President Donald Trump has repeatedly pitched tariffs as a cure-all for an economy in dire need of “medicine.” But Georgia Democrats are warning the GOP could feel the side effects in 2026.

Trump’s whiplash decisions to threaten, pause or intensify tariffs have rattled the markets and fueled fears of higher prices and slower growth, undercutting a GOP agenda built on promises to tame inflation.

Some Georgia Republicans are embracing Trump’s trade wars as a bitter pill worth swallowing. Others are tiptoeing around them. And some haven’t staked any position — reflecting a widening divide over the party’s direction on trade.

Democrats are sounding alarms. U.S. Sen.
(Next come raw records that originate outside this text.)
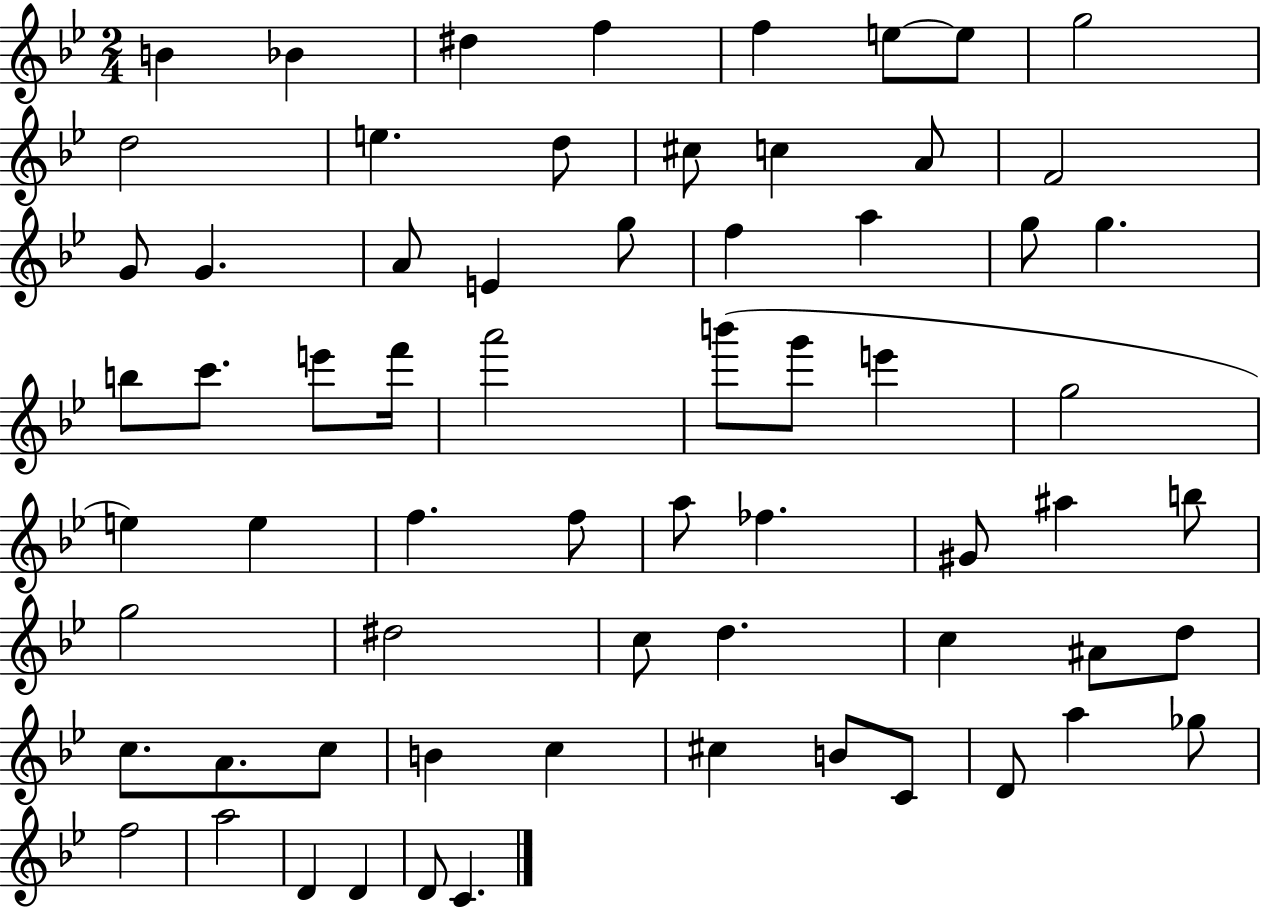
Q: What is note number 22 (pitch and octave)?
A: A5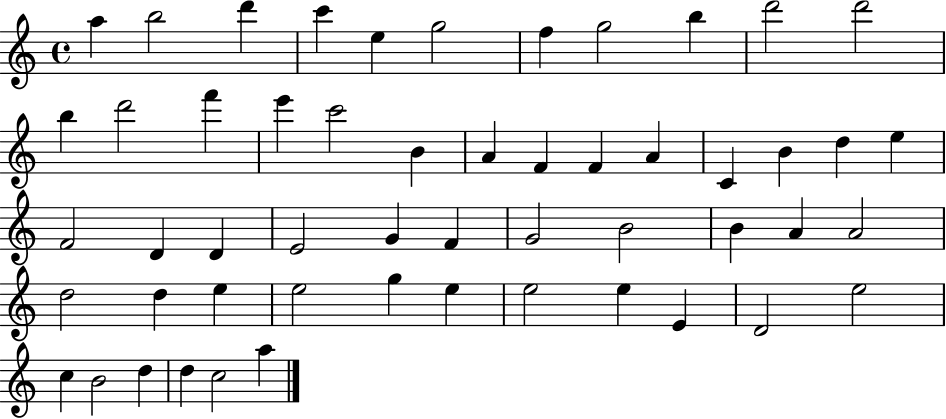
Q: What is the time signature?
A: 4/4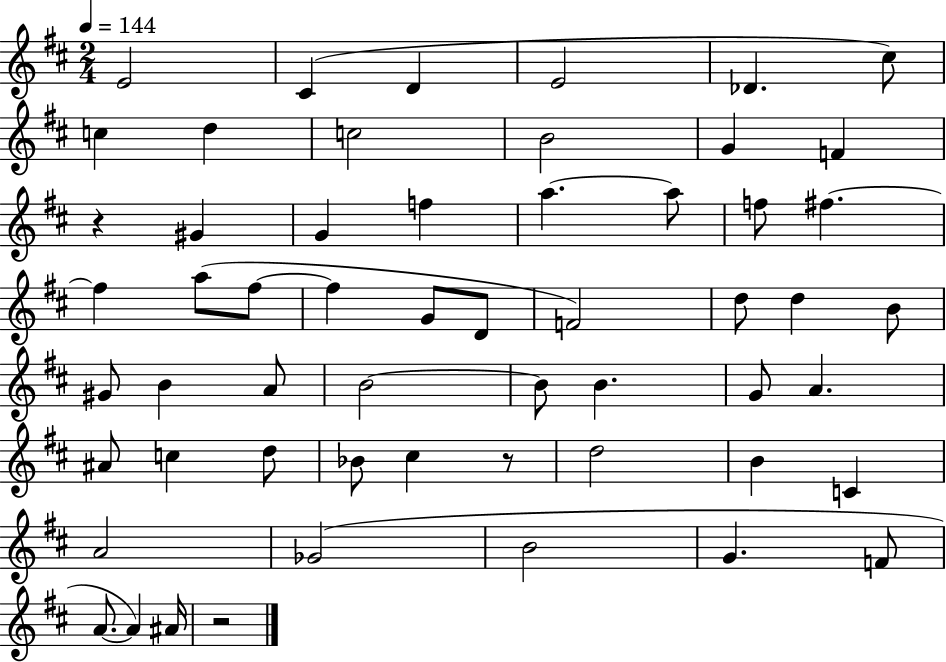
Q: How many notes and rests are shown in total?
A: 56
Jon Ossoff, up for another term next year, warned the nation is “recklessly” hurtling into economic pain. U.S. Sen. Raphael Warnock called the tariffs a “sales tax on ordinary people.”

Scenes across Georgia this week brought the debate home. As protesters outside U.S. Rep. Marjorie Taylor Greene’s chaotic town hall blasted her support for tariffs, she blamed former President Joe Biden for setting the stage for Trump’s trade policies.

“Tariffs are not a massive tax on the American people,” Greene said. “The tax on the American people that you’ve been suffering with is the inflation that Biden and the Democrats put on the American people and their absolute reckless spending for the past four years.”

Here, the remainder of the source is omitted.